London, November 10 : Yale University researchers have moved a step closer to unravelling the mystery behind the oft-fatal rupturing of blood vessels in the brain, scientifically known as aneurysms, on the back of an international study.
Lead researchers Professor Murat Gunel and Sterling Professor Richard Lifton joined forces with a Howard Hughes Medical Institute investigator to scan the genomes of over 2,000 individuals suffering from intracranial aneurysms along with 8,000 healthy subjects.
The researchers found three chromosome segments, or loci, where common genetic variations could create significant risk for ruptured aneurysms, which in turn cause strokes.
Even though the subjects had come from hospitals in Finland, the Netherlands and Japan, the results were similar in all groups, suggesting that that such variations increase risk among diverse human populations.
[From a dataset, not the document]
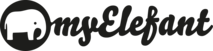 myElefant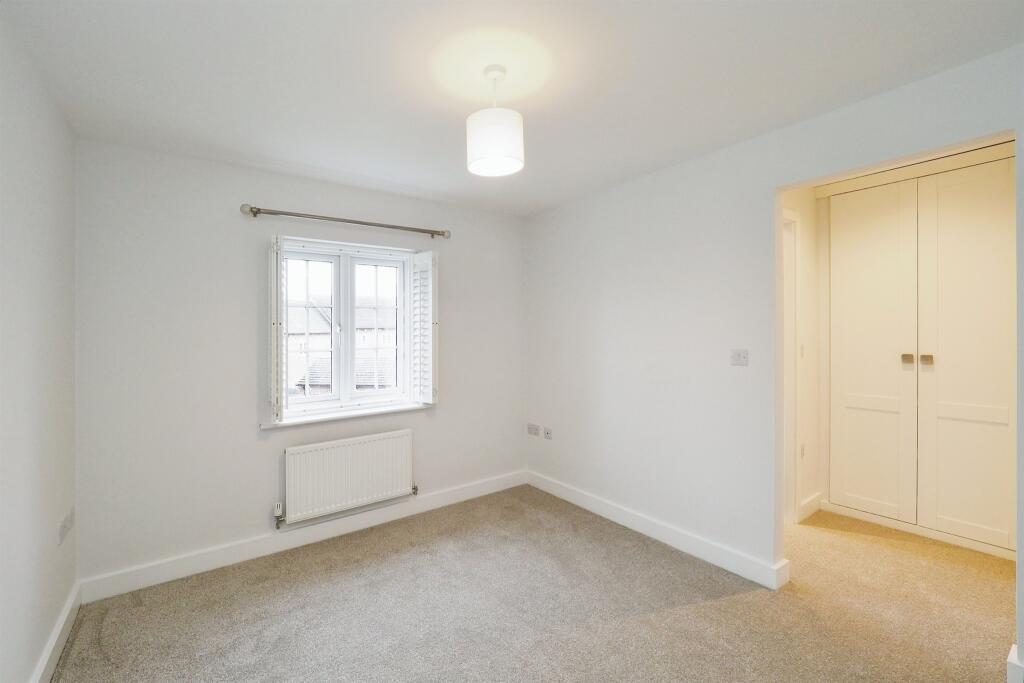 Additional image 10 of Carr Brook Way, Melbourne, Derby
The researchers believe that their findings may pave the way for new screening tests to identify hundreds of thousands of people at risk for strokes caused by bleeding, and point to new therapies that might be able to strengthen blood vessels in the brain before they burst.
"Even though we have made significant strides in treating unruptured aneurysms, until now we have not had an effective means of identifying the majority of individuals at risk of developing this deadly problem. These genetic findings provide a starting point for changing that equation," Nature magazine quoted Gunel as saying.
The Yale research team said that the risk of aneurysm increased with the number of risk variants, or alleles.
According to them, people with the highest number of risk alleles tripled their risk of an aneurysm.
"These findings provide fundamental insights into the genetic and biochemical changes that cause this devastating brain disease, providing hope that we may also be able to provide preventive therapy before rupture occurs," Lifton said.
The researchers revealed that their results implicated variations in the gene SOX17, which is known to play a crucial role in the early development and repair of endothelial cells that make up the arterial walls of blood vessels.
"These variations may interfere with the ability to produce cells that repair damage to the blood vessels, suggesting a path forward for developing new approaches to prevention," Gunel said.